— Data block —
____

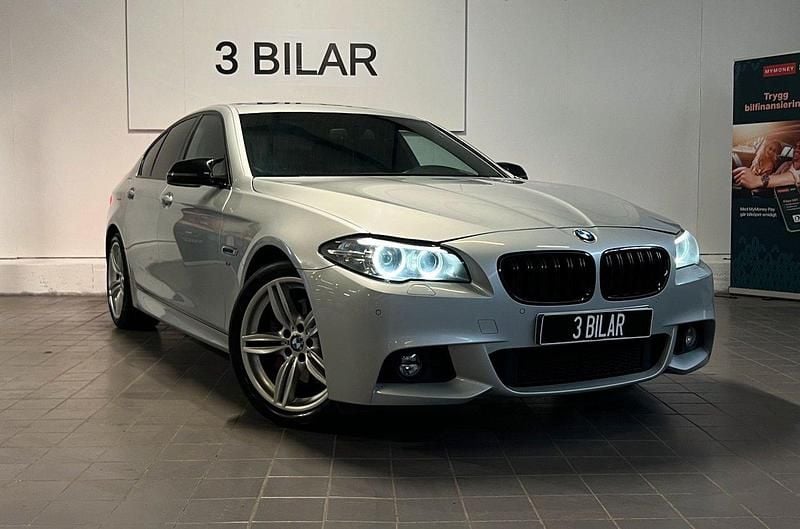 Silver Begagnad 2014 BMW 530 M Sport Sedan | 209 900 kr (Marknadspris) - Bild 1/4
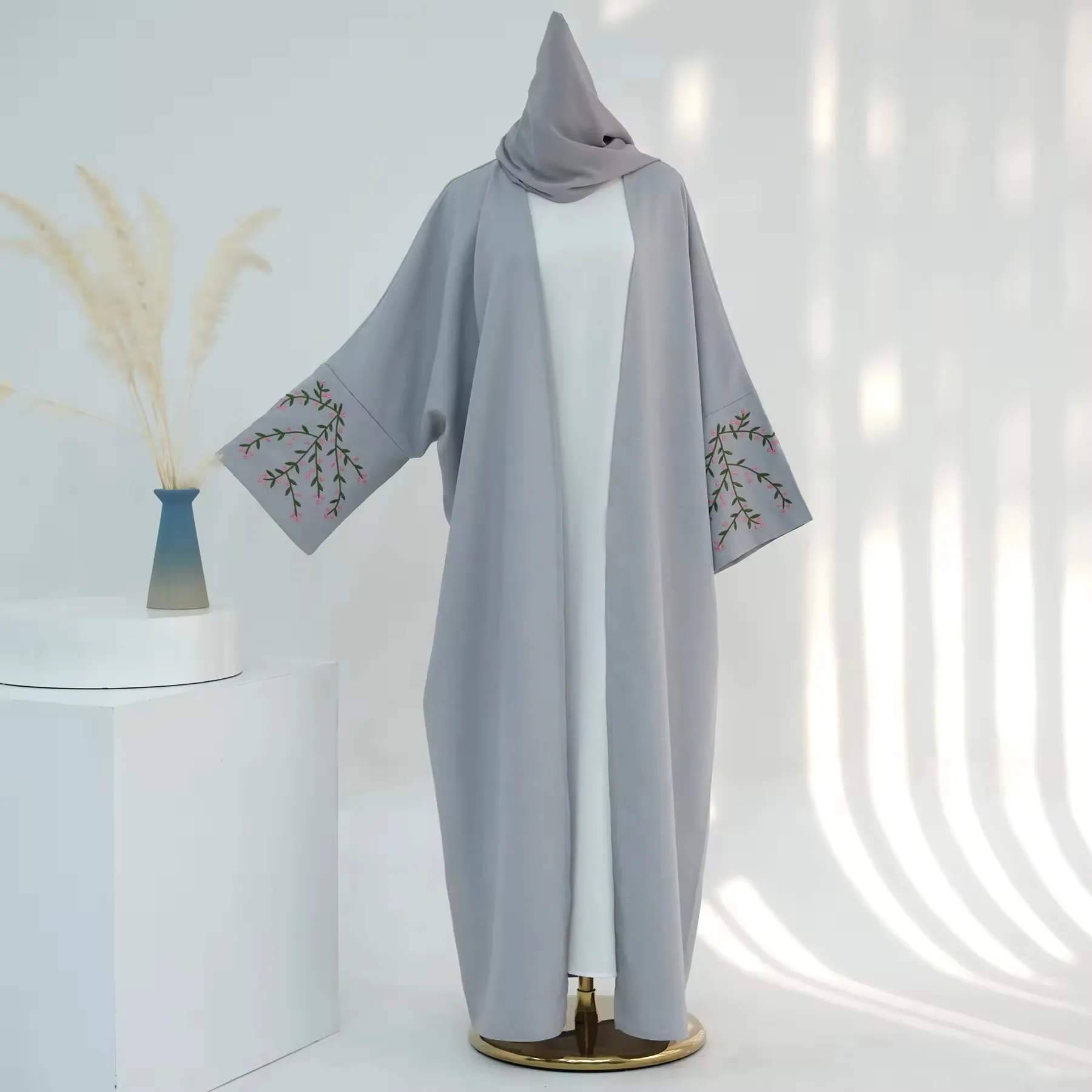 2024 Eid Ramadan Bloemen Borduurwerk Abaya Bescheiden Kleding Dubai Abaya Kalkoen Linnen Kimono Islamic Kleding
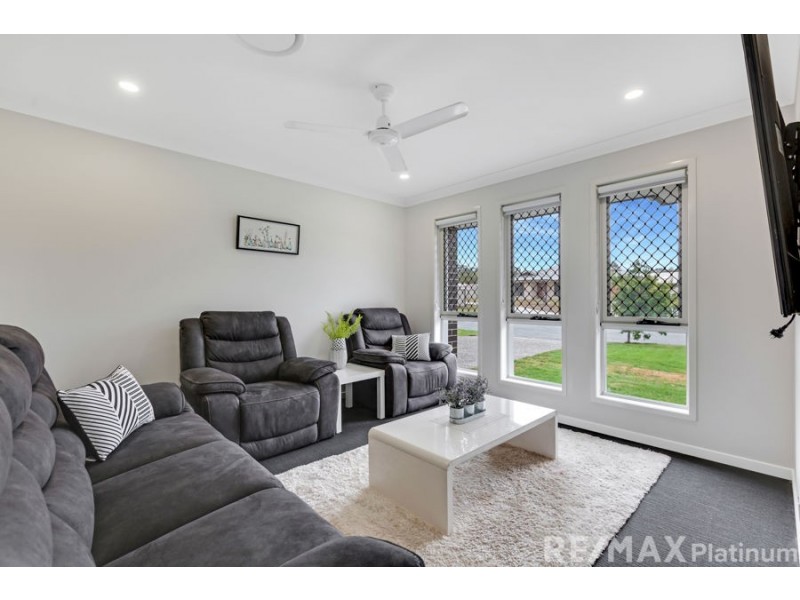 5 Bluewren Court, Upper Caboolture QLD 4510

____

— Assignment —
In the listing, find the line with "2024 Eid Ramadan" and retype exactly from there through the last line, both included, leaving the pictures out.

— Answer below —
 2024 Eid Ramadan Bloemen Borduurwerk Abaya Bescheiden Kleding Dubai Abaya Kalkoen Linnen Kimono Islamic Kleding
 5 Bluewren Court, Upper Caboolture QLD 4510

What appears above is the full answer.